The game plan here is to challenge the relevance of the BRICS on the specious plea that there are other developing economies too that are growing rapidly or are offering high returns on financial markets. The BRICS shouldn’t allow this ploy to succeed. For one thing, the role of the BRICS can only increase as it represents very large and rapidly growing “middle-income” countries. If the “middle-income” economies account for 58% of world growth today, the BRICS are the largest “bloc” within that.
In a global scenario where the developed economies are losing their dominance in world growth and the “low-income” economies among the developing economies account for only 1% of the world growth in the past 5-year period between 2005 and 2010, the crucial role of BRICS is self-evident.
The heart of the matter is that the BRICS economies are not only growing rapidly – even spectacularly – but they are also large. China, Brazil, India and Russia are ranked respectively as the 2nd, 7th, 9th and 11th largest economies in the world at present. Unsurprisingly, what petrifies the West is that their collective impact of the BRICS on the world dynamics is of an unprecedented character in modern economic history, which has so far been built on the paradigm of the “developed / developing” world.

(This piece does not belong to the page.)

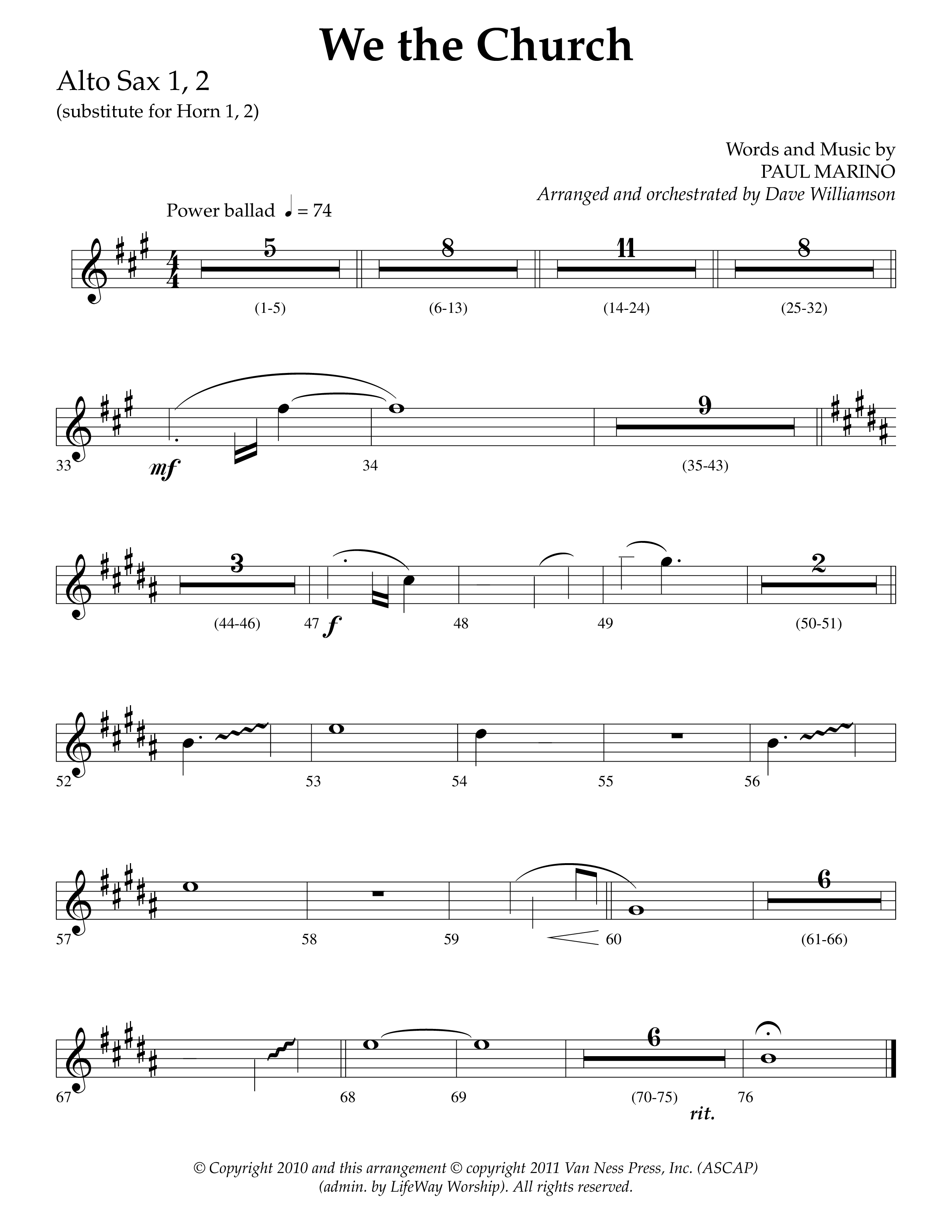 We The Church (Choral Anthem SATB) Alto Sax 1/2 (Lifeway Choral / Arr. Dave Williamson)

The paradigm shift is further accentuated by the international financial crisis, as the facts testify. According to the World Bank statistics, BRICS accounted for 53% of the entire global GDP growth of $7250 billion during the 2007-2010 period. The US’ growth during this period ($592 billion) was a mere one-sixth of the BRICS’ GDP growth of $3819 billion. Most likely, the trend is repeating in 2012. The European Union and Japan are not expected to “grow”, while the US’ growth is stalling and even with large borrowings, it is expected to be less than half of China’s GDP growth – leave alone the BRICS’ as a whole.
In sum, the BRICS’ divergent positions on Syria shouldn’t come as surprise. As a commentary in China’s Global Times newspaper put it succinctly, “BRICS is not a NATO [North Atlantic Treaty Organization] type political / military bloc. It coordinates the economic interests of the world’s largest developing economies… Some small economies may continue to grow even more rapidly than some BRICS… [But] BRICS countries will continue to reinforce their role as a driving force in the world economy.”
Who would have thought that BRICS would take up cudgels against the US’ dominance of the Bretton Woods system so openly? At Mexico City last week, the BRICS finance ministers decided that it is about time that the US’ decades-long prerogative to head the World Bank doesn’t go unchallenged.
“Candidates should be based on merit and not on nationality”, Brazilian finance minister Guido Mantega told reporters. The BRICS proposes to discuss the possibility of putting up their own candidate to challenge “whoever the US government nominates”, according to Reuters. (Possible candidates include US secretary of state Hillary Clinton, former US treasury secretary Lawrence Summers and US ambassador to the UN Susan Rice.)
“It is time we [BRICS] break the traditions of the US and Europe sharing the two [World bank and IMF] seats and amongst all of us we must try harder this time to find some consensus”, Pravin Gordhan, South Africa’s finance minister added. This may sound idealistic. Which, indeed, makes the audacity even more important, since it goes to show that the BRICS flame was far from put out by the crisis in Syria.